What is being asked: Of the lines below, write out exactly those from the line with "pair of brown" through the line with "Lot 533 - Pitt", both included, and skip the rest.

Raw data:
____

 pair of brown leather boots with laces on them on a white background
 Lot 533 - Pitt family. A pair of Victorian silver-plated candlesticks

____

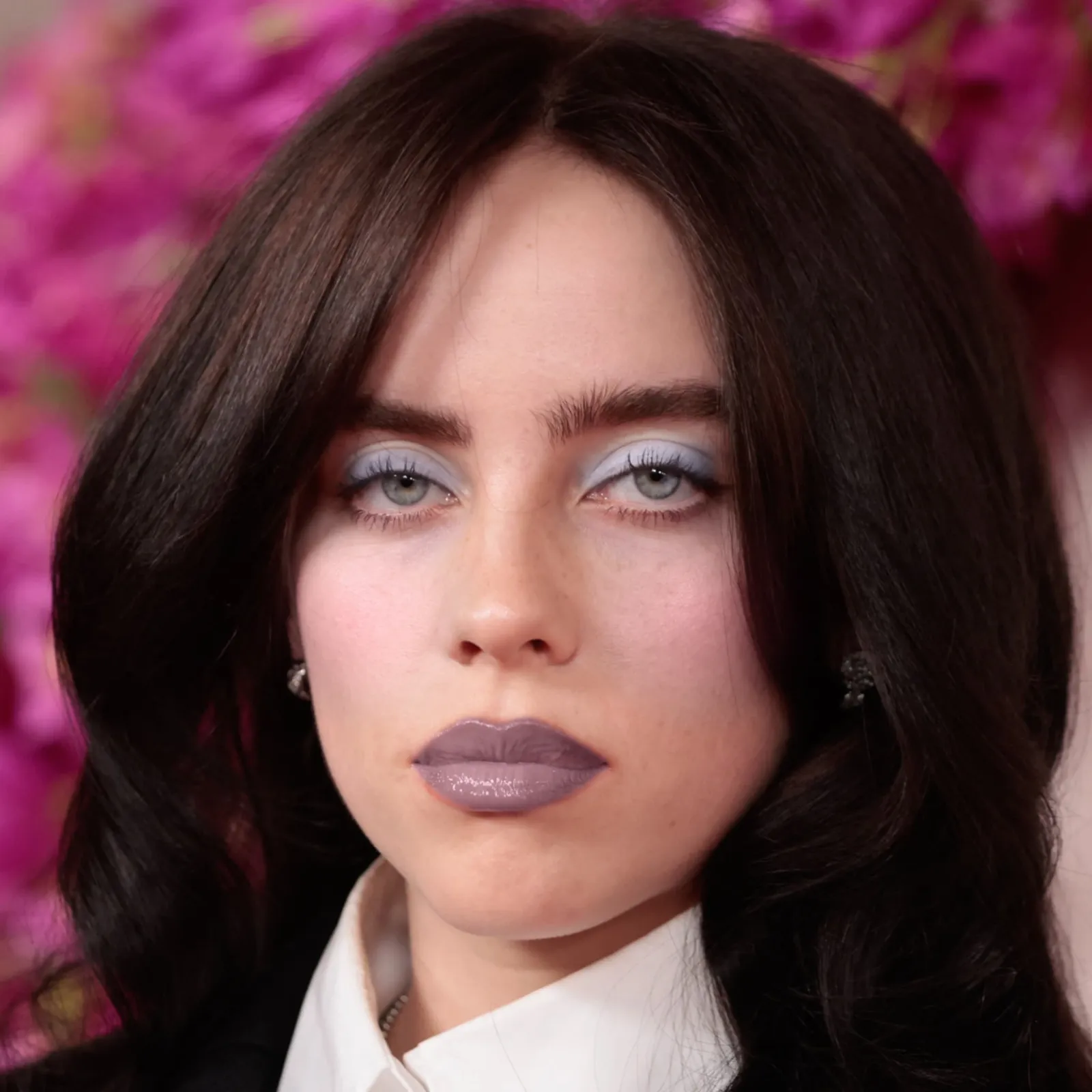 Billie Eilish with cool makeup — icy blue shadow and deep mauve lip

____

Exercise response:
 pair of brown leather boots with laces on them on a white background
 Lot 533 - Pitt family. A pair of Victorian silver-plated candlesticks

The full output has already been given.